What to do:
Exactly and only the lines from the line holding "2006 3 Series" to the end of the records should be reproduced. Leave pictures out.

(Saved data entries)

Segment Open

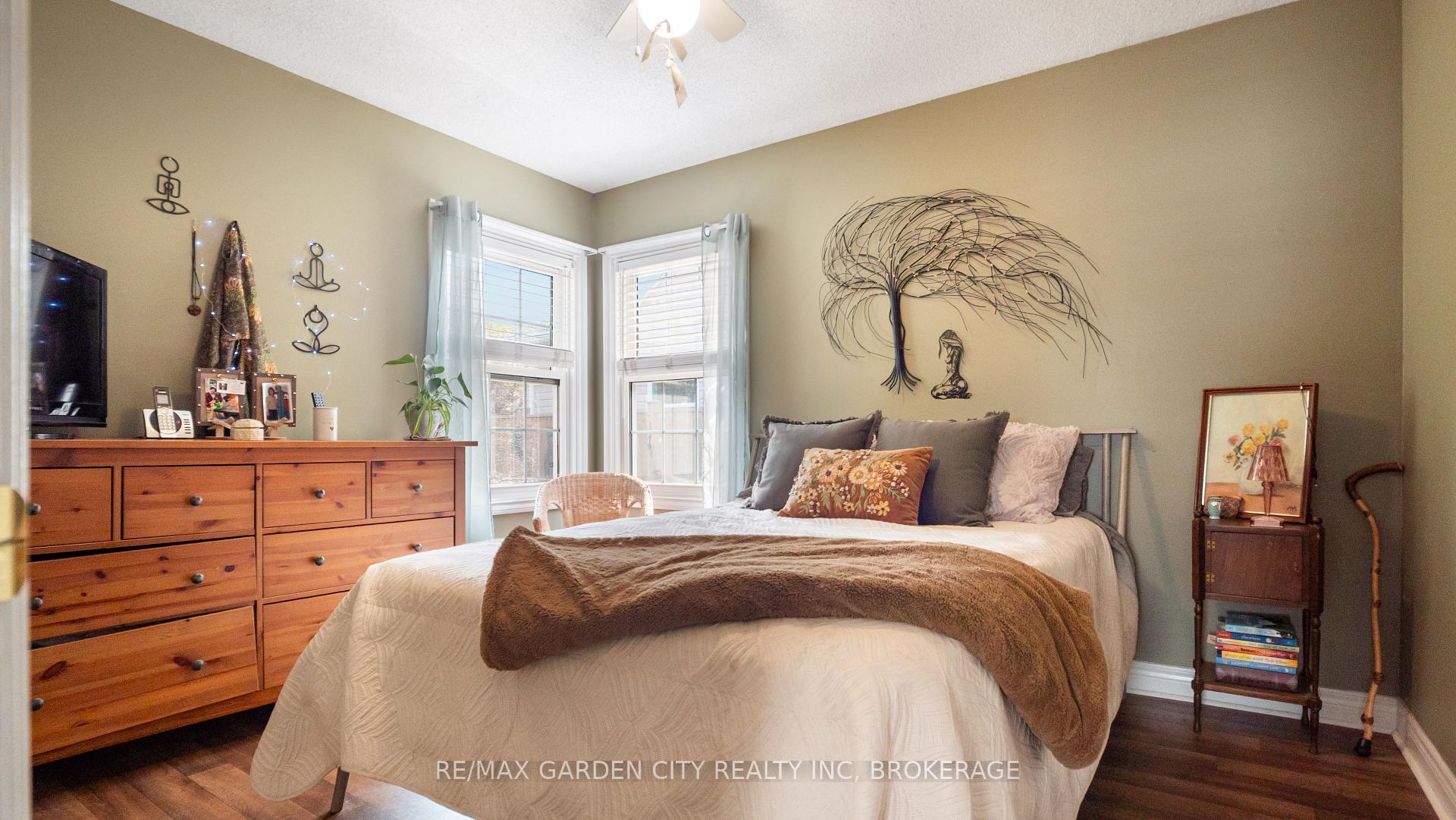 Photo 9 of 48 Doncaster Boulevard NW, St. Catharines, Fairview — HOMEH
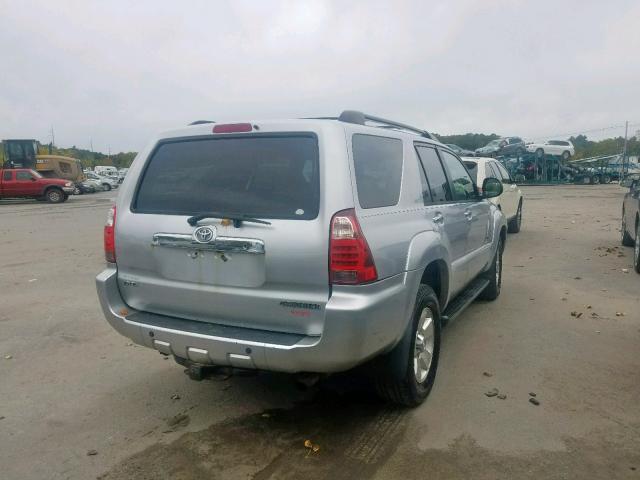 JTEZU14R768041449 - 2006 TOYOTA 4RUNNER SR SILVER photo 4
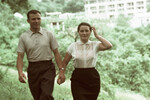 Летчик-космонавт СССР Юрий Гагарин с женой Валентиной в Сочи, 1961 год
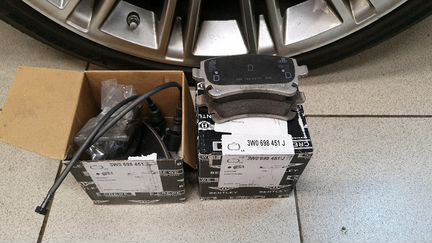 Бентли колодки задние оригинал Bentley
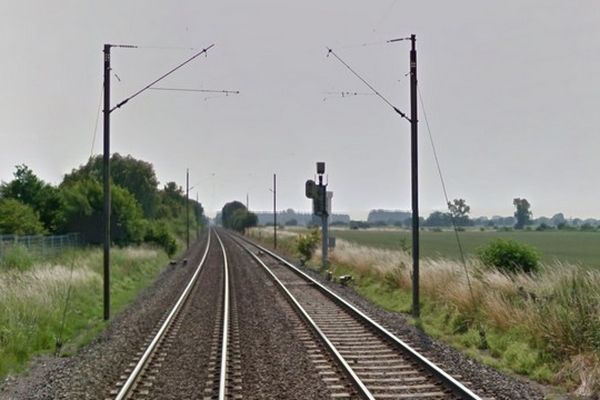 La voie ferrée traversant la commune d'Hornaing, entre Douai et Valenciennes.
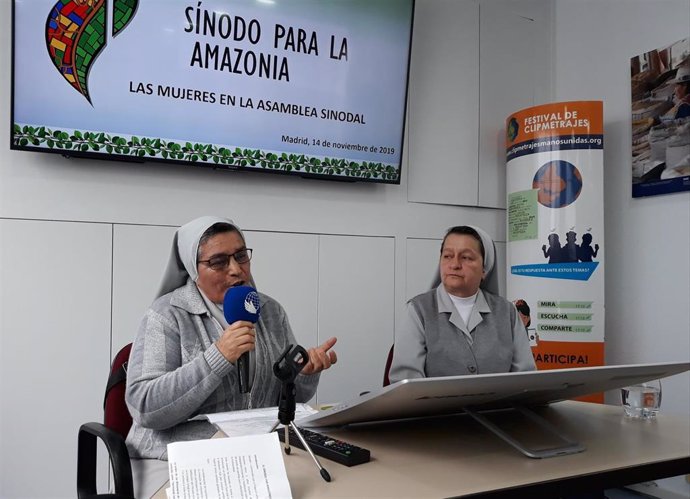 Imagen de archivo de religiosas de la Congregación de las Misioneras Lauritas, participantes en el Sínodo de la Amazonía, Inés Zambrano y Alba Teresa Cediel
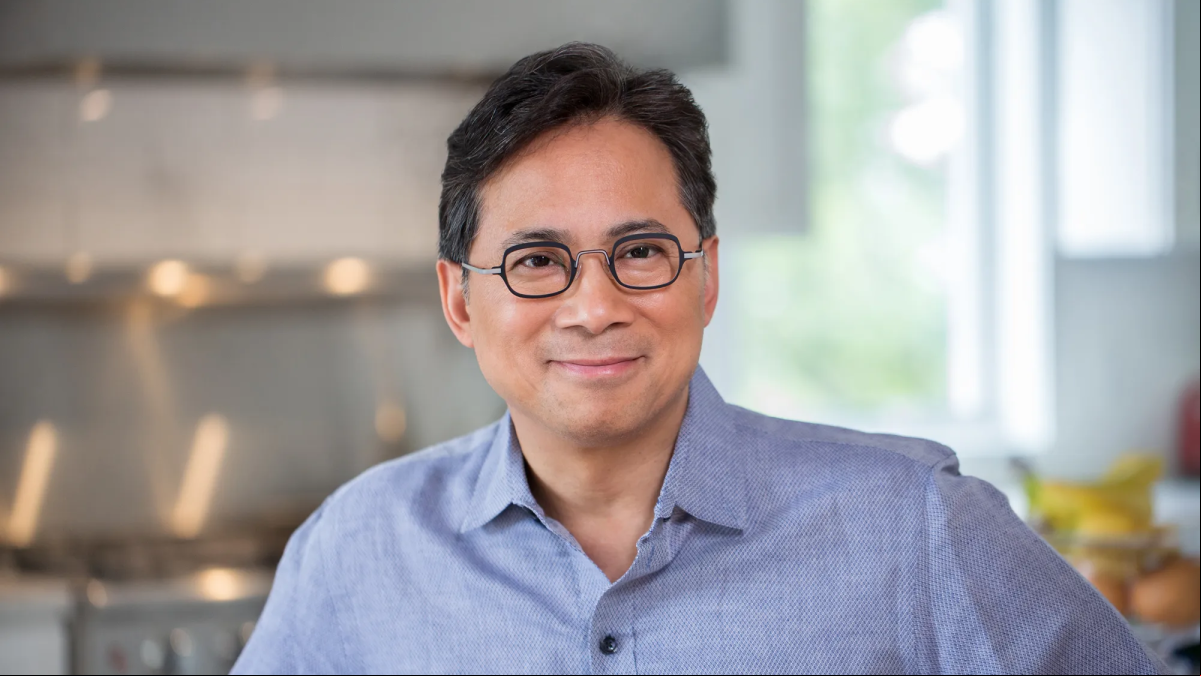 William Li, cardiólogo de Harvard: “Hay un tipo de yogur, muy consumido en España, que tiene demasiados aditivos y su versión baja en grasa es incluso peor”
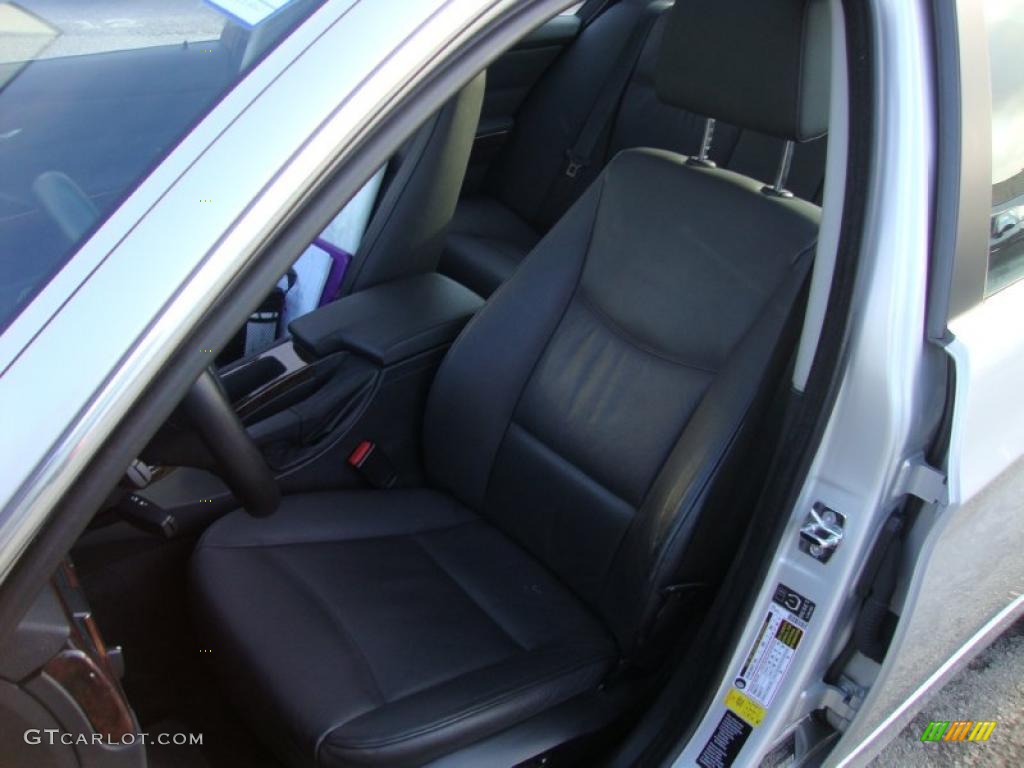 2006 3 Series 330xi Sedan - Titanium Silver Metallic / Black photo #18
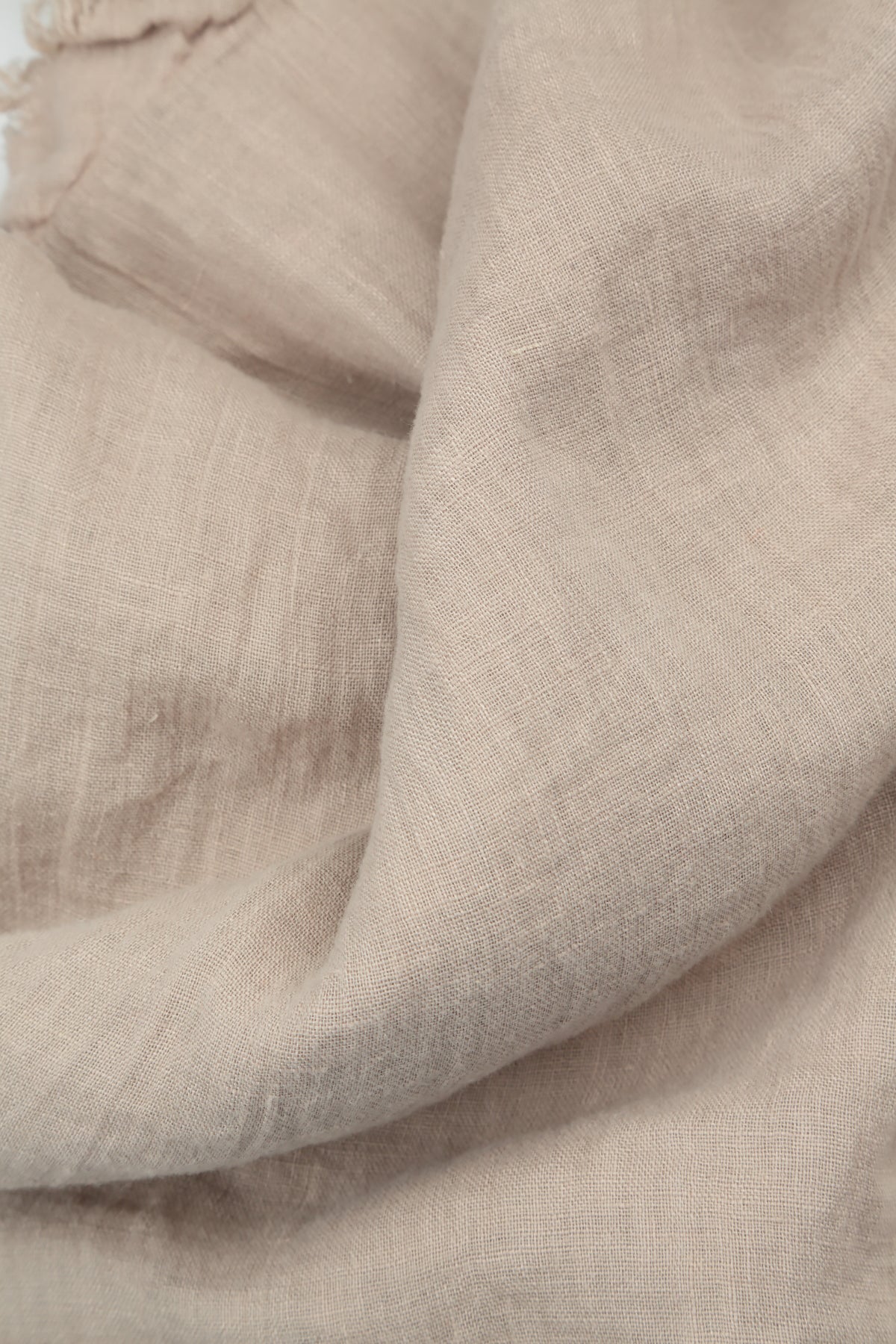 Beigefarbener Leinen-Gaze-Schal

Segment Closed

Response to the task:
 2006 3 Series 330xi Sedan - Titanium Silver Metallic / Black photo #18
 Beigefarbener Leinen-Gaze-Schal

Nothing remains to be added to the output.